Defendant argues that Plaintiff's EEOC Charge dated October 7, 2021 (Doc. 73-2) “provides no facts in support of either a race or sex/gender or hostile work environment claim and therefore she failed to exhaust these claims.” (Def. Br. at 9). The EEOC Charge alleges that Plaintiff was terminated because of discrimination “based on [her] race as an African American and for my earlier complaints of sexual harassment.” (Doc. 73-2 at 6). The EEOC Charge provides a detailed account of Mirza's alleged sexual harassment, as well as the interactions between Plaintiff and Adimari giving rise to the sex discrimination and hostile work environment claims. The EEOC Charge thus provides sufficient notice “to investigate discrimination on” the bases alleged in the Second Amended Complaint. Mathirampuzha, 548 F.3d at 77.
Accordingly, the Court holds that Plaintiff has sufficiently exhausted her Title VII claims for discrimination and retaliation.
2. Timeliness of Title VII Claims
Claims brought under Title VII must meet a timeliness requirement with respect to the filing of the EEOC Charge. “Title VII provides that, in these circumstances, a charge ‘shall be filed by or on behalf of the person aggrieved within three hundred days after the alleged unlawful employment practice occurred.'” Reyes v. Westchester Cnty. Health Care Corp., No. 21-00410, 2021 WL 4944285, at *4 (2d Cir. Oct. 25, 2021). “This statutory requirement ‘operates as a statute of limitations.'” Banks v. Gen. Motors, LLC, 81 F.4th 242, 259 (2d Cir. 2023) (quoting Zipes v. Trans World Airlines, Inc., 455 U.S. 385, 394 (1982)). “Claims outside this window are time-barred, except when the claims are part of a continuing violation; otherwise time-barred claims may proceed when separate acts ‘collectively constitute one unlawful employment practice.'” Staten v. City of New York, 726 Fed.Appx. 40, 43 (2d Cir. 2018) (quoting Washington v. Cty. of Rockland, 373 F.3d 310, 318 (2d Cir. 2004)). Defendants argue that “any claims that occurred 300 days prior to October 7, 2021 or before December 11, 2020 are time-barred.” (Def. Br. at 9). Plaintiff does not address the timeliness of her Title VII claims in her opposition, but instead generally argues that “Defendants failed to meet their prima facie burden of demonstrating that Plaintiff's claims are time-barred, or that the continuing violations doctrine does not apply to claims alleged to have been part of a continuing pattern of conduct.” (Pl. Br. at 20).

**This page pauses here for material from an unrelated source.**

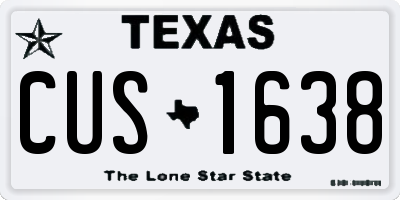 TX license plate CUS1638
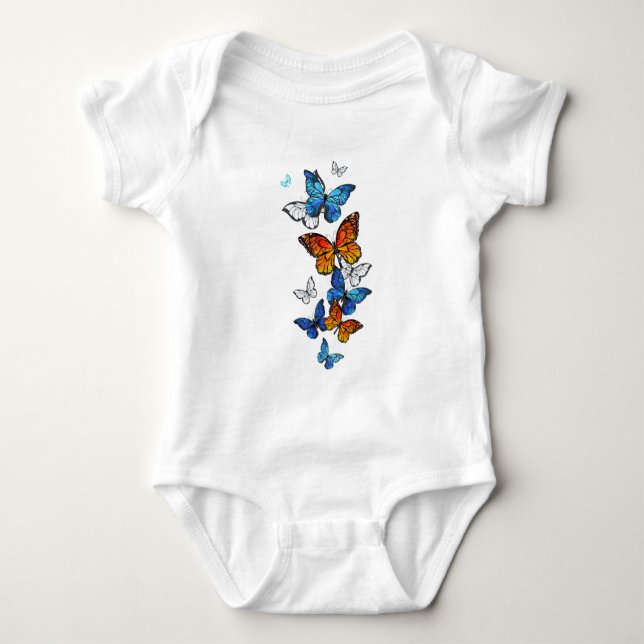 Body Para Bebê Borboletas voadoras Morpho e Monarca (Frente)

“It has been the law of this Circuit that under the continuing violation exception to the Title VII limitations period, if a Title VII plaintiff files an EEOC charge that is timely as to any incident of discrimination in furtherance of an ongoing policy of discrimination, all claims of discrimination under that policy will be timely even if they would be untimely standing alone.” Chin v. Port Auth. of New York & New Jersey, 685 F.3d 135, 155-56 (2d Cir. 2012). The continuing violation doctrine “applies to claims composed of a series of separate acts that collectively constitute one unlawful practice, and functions to delay the commencement of the statute of limitations period until the last discriminatory act in furtherance of that broader unlawful practice.” Tassy v. Buttigieg, 51 F.4th 521, 532 (2d Cir. 2022). However, the doctrine “does not apply to discrete acts of discrimination or retaliation that occur outside the statutory time period, even if other related acts of discrimination occurred within the statutory time period.” Id. Rather, the doctrine extends exclusively “to claims that by their nature accrue only after the plaintiff has been subjected to some threshold amount of mistreatment.” Lucente v. Cnty. of Suffolk, 980 F.3d 284, 309 (2d Cir. 2020). Certain adverse events such as “discontinuation of a particular job assignment” or “individual sexual overtures” are considered “discrete acts not amenable to the continuing violation analysis.” Williams v. New York City Dep't of Educ., No. 19-CV-01353, 2021 WL 1178118, at *5 (S.D.N.Y. Mar. 29, 2021) (collecting cases).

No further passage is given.